Je voudrais soulever encore une dernière grande figure du Cinéma contemporain, Michael Haneke. Il est le fils de l'acteur protestant Fritz Haneke et de l'actrice catholique Beatrix von Degenschild. A côté de l'art dramatique il a étudié la philosophie et la psychologie. Sa sensibilité et son parcours intellectuel le rendent particulièrement apte à capter cette identité protestante, quand il campe le personnage du pasteur dans son dernier film, palme d'or à Cannes en 2009, Le ruban blanc. Incarné par Burghart Klaußner, ce pasteur, père rigide et sévère, se situe à la limite de la perversion pour nos yeux formés par un siècle de psychanalyse, puisqu'il n'hésite pas à recourir à l'humiliation parmi des sanctions sévères infligées à ses enfants et ses élèves - malgré la tendresse pudique qu'il leur porte par ailleurs. Il participe ainsi à la formation d'une génération de jeunes enfants qui, adultes, porteront au pouvoir plus tard un Hitler, lui même, on le sait, enfant battu et humilié.
Mais est-ce en tant que protestant que Michael Haneke campe ce personnage ? Et ce pasteur, est-il aussi rigide et sévère parce qu'il est protestant ? On arrive là à la 2e des questions que je vous propose d'explorer à savoir :
Qu'en est-il donc de ce pasteur dans le film de Michael Haneke, ou encore les grands figures de pasteur dans les films de Bergmann – ou encore le festin de Babette ? Il se trouve que ce sont non seulement des protestants, mais aussi des personnages du Nord de l'Europe.
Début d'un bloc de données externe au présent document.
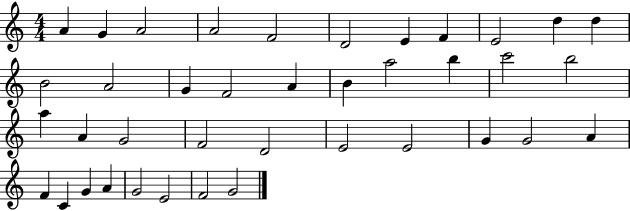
{
  \clef treble
  \numericTimeSignature
  \time 4/4
  \key c \major
  a'4 g'4 a'2 | a'2 f'2 | d'2 e'4 f'4 | e'2 d''4 d''4 | \break b'2 a'2 | g'4 f'2 a'4 | b'4 a''2 b''4 | c'''2 b''2 | \break a''4 a'4 g'2 | f'2 d'2 | e'2 e'2 | g'4 g'2 a'4 | \break f'4 c'4 g'4 a'4 | g'2 e'2 | f'2 g'2 | \bar "|."
}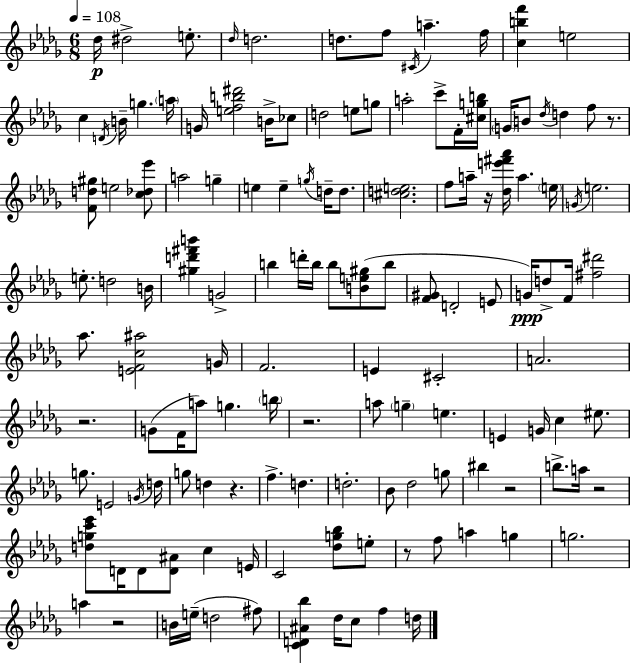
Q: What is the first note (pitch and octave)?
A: Db5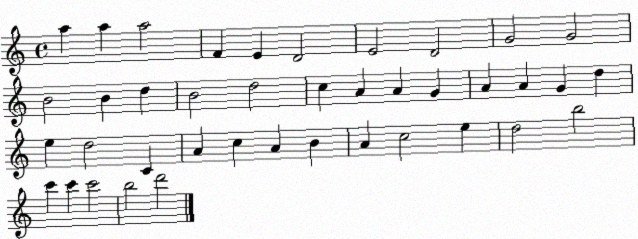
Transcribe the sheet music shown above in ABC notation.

X:1
T:Untitled
M:4/4
L:1/4
K:C
a a a2 F E D2 E2 D2 G2 G2 B2 B d B2 d2 c A A G A A G d e d2 C A c A B A c2 e d2 b2 c' c' c'2 b2 d'2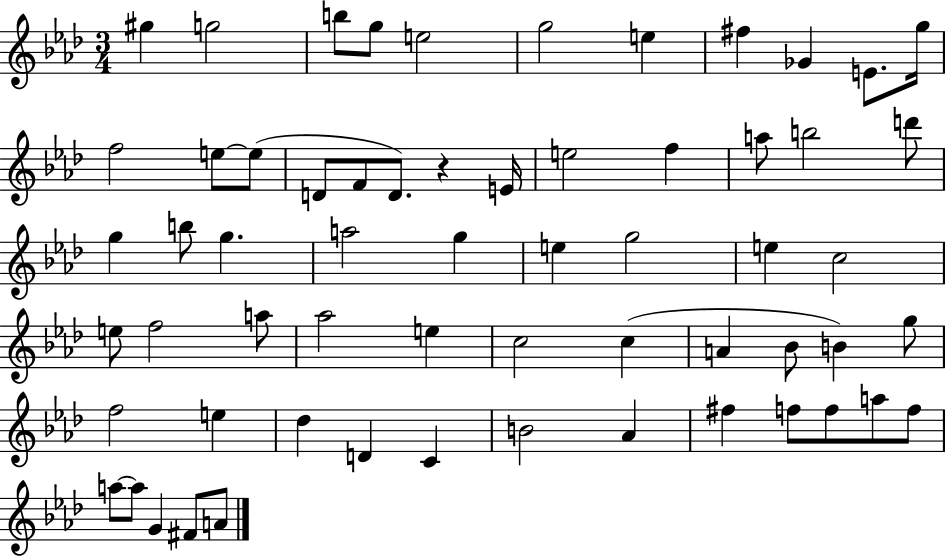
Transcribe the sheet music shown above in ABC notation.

X:1
T:Untitled
M:3/4
L:1/4
K:Ab
^g g2 b/2 g/2 e2 g2 e ^f _G E/2 g/4 f2 e/2 e/2 D/2 F/2 D/2 z E/4 e2 f a/2 b2 d'/2 g b/2 g a2 g e g2 e c2 e/2 f2 a/2 _a2 e c2 c A _B/2 B g/2 f2 e _d D C B2 _A ^f f/2 f/2 a/2 f/2 a/2 a/2 G ^F/2 A/2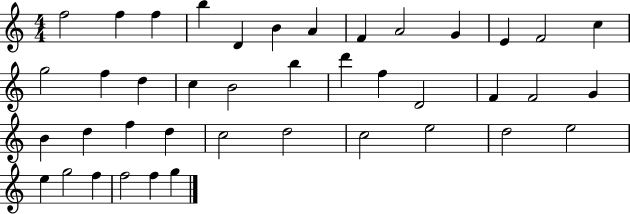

Il est vrai que la plupart des protestants européens sont au Nord. Or, sans faire de racisme primaire, on peut quand-même constater que les gens du Nord, et j'en suis, sont plus réservés – pour ne pas dire rigides – que les méditerranéens, connus pour leur exubérance. Qui plus est, les films dont nous venons de parler jouent à une époque révolue, où le milieu catholique pratiquant n'était guère plus rigolo.
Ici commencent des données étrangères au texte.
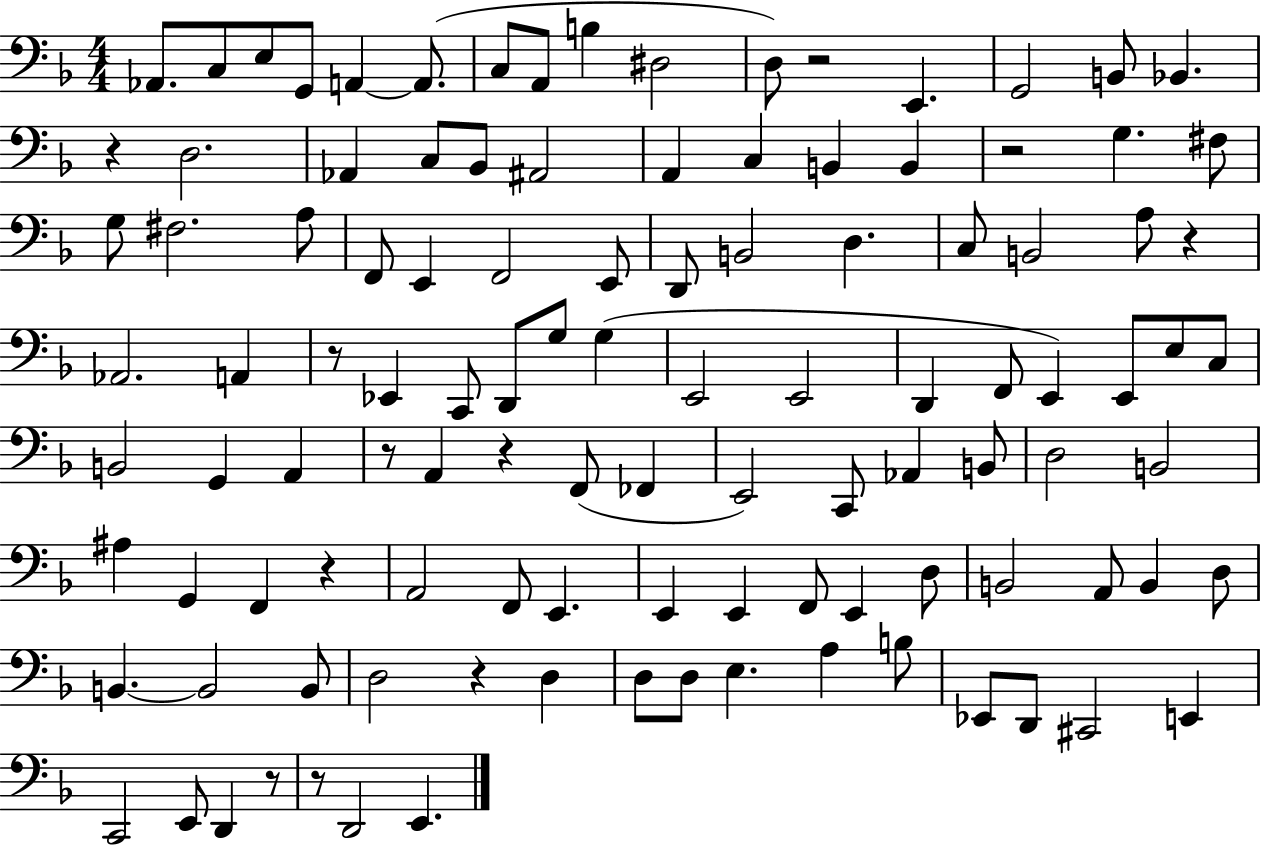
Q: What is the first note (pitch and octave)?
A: Ab2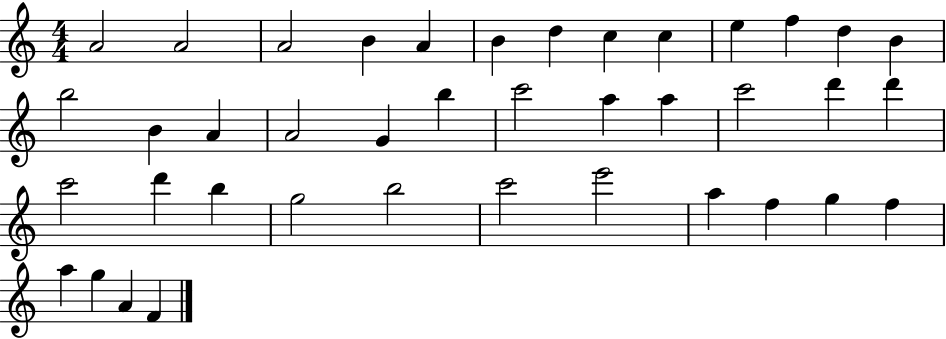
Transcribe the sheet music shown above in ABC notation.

X:1
T:Untitled
M:4/4
L:1/4
K:C
A2 A2 A2 B A B d c c e f d B b2 B A A2 G b c'2 a a c'2 d' d' c'2 d' b g2 b2 c'2 e'2 a f g f a g A F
Pour revenir au pasteur dans le film de Haneke, je dirais donc volontiers qu'il n'est pas tant rigide parce que protestant mais parce que prussien au début du XXe siècle, ayant grandi donc dans une société qui privilégie l'économie des mots et des gestes, et ne donnent que peu de place à l'expression des émotions.
Le pasteur (incarné par Patrick Raynal) dans La colline aux mille enfants de Jean-Louis Lorenzi, lui aussi protestant, est nettement plus humain, sensible – peut-être parce que la France est un peu le maillon de liaison entre la culture du Nord et celle du Sud. Et puis on est déjà au milieu du siècle. Jean-Louis Lorenzi se définit d'ailleurs lui-même comme « protestant culturel » et non pas « cultuel »[4] - ce qui souligne le côté contingent de la notion d'identité.
On reconnaîtra dans le portrait de pasteurs américains davantage leur caractère américain qu'une identité protestante sur le modèle de Bergmann: prenons par ex. Le Prédicateur de Robert Duvall, ou encore le personnage inquiétant de La nuit du chasseur.
Qu'est-ce que c'est que l'identité d'abord ? Couramment, l'identité est la reconnaissance d'un individu par lui-même ou par les autres. Cela pose des problèmes du même et de l'autre, celui du devenir aussi. Vous connaissez probablement tous la formule de Rimbaud, reprise par Lévinas « Je est un autre ». Non seulement je ne suis pas maître de mon moi – ça Freud nous l'a démontré avec la notion d'inconscient – mais en plus je suis en perpétuel devenir. Celui ou celle que j'étais il y a 20 ans, n'était pas « identique » à celui ou à celle que je suis aujourd'hui ou que je serai plus tard. Notre identité est profondément marquée par les aléas de notre histoire, notre histoire personnelle et familiale, bien sûr, mais aussi le contexte historique dans lequel nous vivons.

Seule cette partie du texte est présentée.